The prohibition of ceremonial candles in church, which was part of the changes brought by the Protestant Reformation, dealt a severe blow to the wax chandlery business. Ordinary houses were lit by the cheaper tallow candles; the church had been the chief market for wax. The 1538 ordinance was just a hint of the more radical measures taken in the reign of Edward VI.

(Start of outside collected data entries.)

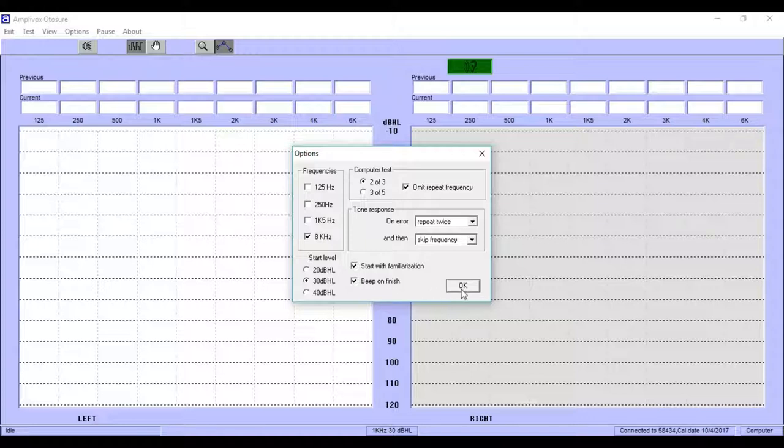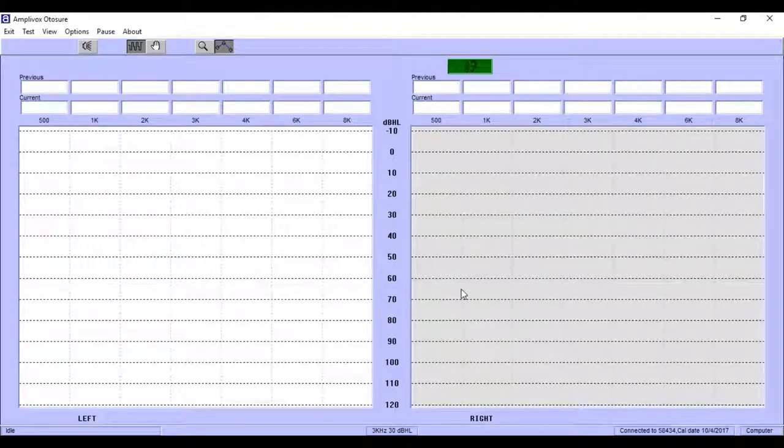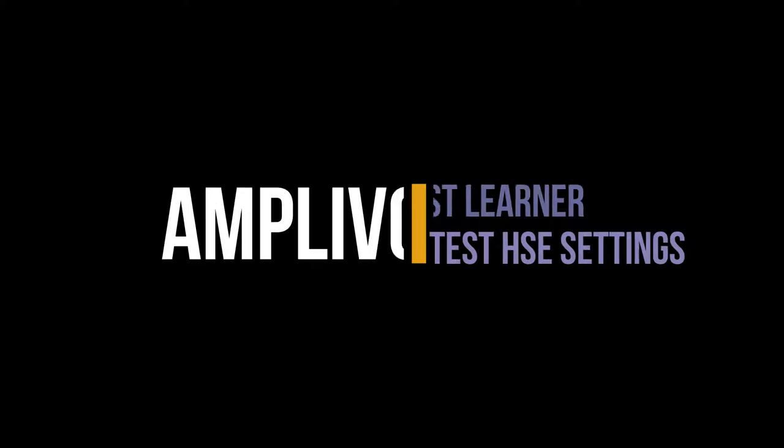This fast learner video summed up how to set your protocol settings of the Amplivox audiometry module according to the HSE standard. You will find another video on our YouTube channel explaining each setting in detail.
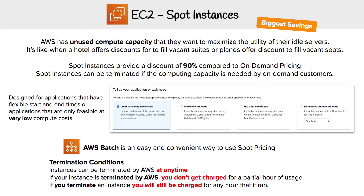What would you use spot instances for if these instances could be interrupted at any time? They're designed for applications that have flexible start and end times, or applications that are only feasible at very low compute costs. Looking at the configuration graphic for spot instances, the use cases include load balancing workloads, flexible workloads, big data workloads, and defined duration workloads.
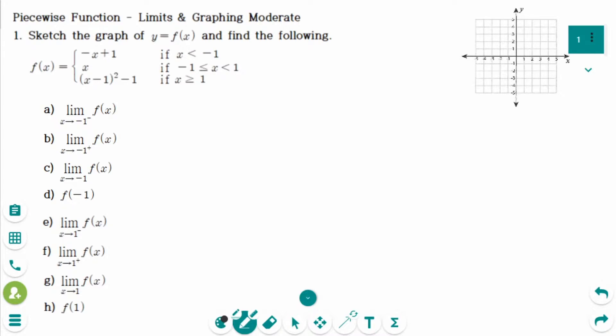This video will cover moderate level questions regarding the topic of piecewise functions, limits, and graphing. This is the first question.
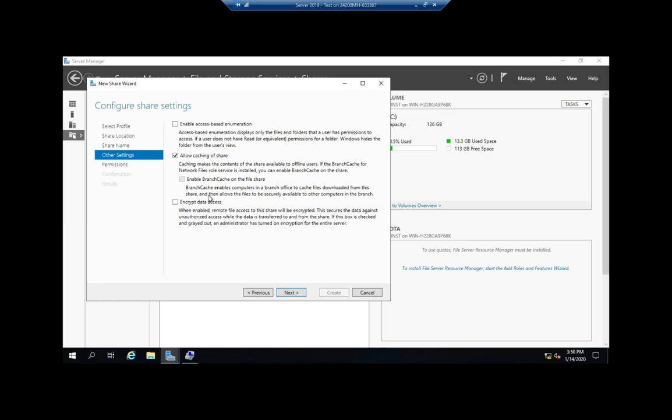Access-based enumeration means if you can't access the file, you can't see it. Without access-based enumeration turned on, if you can't access the file, you can still see it, but when you try to access it, it will tell you no. That's what access-based enumeration is—that's a really good option that I really like using.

The ‘Rood of Northern’ the famous crucifix before which the Wax Chandlers fraternity had maintained their light since before 1371, was taken down at night for fear of disturbances and burnt.
1547
The use of candles, tapers, and images was prohibited in church. The Guild of Jesus, along with all other such guilds, was suppressed. The Company transferred its election service from St Paul’s to the church of St John Zachary, a sermon taking the place of mass.
1559
William Kendall, a Past Master, bequeathed property in Old Change, near St Paul’s, the rent income to be used for various charitable purposes.
1562
The Company entered into an agreement with the Tallow Chandlers Company for the ‘ending and avoyding’ of ‘controversies’ regarding the manufacture and sale of torches. The Wax Chandlers held a monopoly of making torches and the Tallow Chandlers Company was obliged to order their members’ requirements through the Wax Chandlers Company.
1580
Ordinance restricting the powers of the Master and Wardens to grant leases in excess of 21 years without the agreement of the whole membership; some Masters and Wardens had been granting long leases without taking proper steps to safeguard the interests of the Company.
1584
The Mayor authorised the Company to search and demand payment of ‘quarterage’ from anyone selling beeswax products.
1609
The City, coerced by James I, became involved in the ‘plantation of Ulster’, the resettlement of confiscated lands in Ireland, with English and Scottish Protestants. What is now County Londonderry was bought by the twelve great companies for £40,000. The minor companies had to contribute and part of the Haberdasher’s share was paid by the Wax Chandlers (£80), the Founders and the Turners.
1612
The Company was involved in a dispute with the Barber-Surgeons, as to whether or not Wax Chandlers had the right to practice the embalming of bodies. According to the Barber Surgeons’ Charter of 1604 wax chandlers practiced a ‘mecchaniccal trade’, which meant they should be barred from surgical practice. The Barber Surgeons won the argument..
1653
William Coleburn gave a silver, a 9” seal-top spoon as the customary fine paid by a new liveryman. It is the Company’s oldest piece of silver.
1657
The Hall was substantially rebuilt at a cost of £492 10s 0d.
1663
A new Charter was sought and granted at a cost of £126 9s. It extended the Company’s monopoly to a ten mile radius around the City, laid down procedures for elections (on the first Thursday of August), defined the composition of the Court, raised the limit on the purchase of property to £100 a year and confirmed the necessity for a seven year apprenticeship.
1664
New Ordinances were approved by Charles II’s Lord Chancellor and senior judges. These remain the operative Ordinances to the extent that they have not become obsolete or placed in abeyance by Statute or case law.
1665
The Great Plague decimated the city; the minutes read ‘a Court of Assistant was difficult to be got’.
1666
The Great Fire destroyed the Hall and the parish church: the City lost a total of 44 halls and 87 churches. The Court met at ‘the sign of Redd Cross in Little Britain’.
1668
New Hall completed.
1684
Charles II, in an attempt to bring the City under his direct control, challenged certain rights of the livery companies under a writ of Quo Warranto. The Wax Chandlers’ Charter, along with a number of others, was surrendered and a new one promised
The Company sold its land in Ireland, giving the fishing, hunting and mining rights to the Irish Society (the City’s Committee for managing the estates).
1685-6
Under the terms of the new Charter, granted by James II, his brother having died since the surrender, various members of the court were dismissed. The livery were to be approved by the Mayor and Aldermen and members forbidden to frequent ‘conventicles’ (non-conformist chapels).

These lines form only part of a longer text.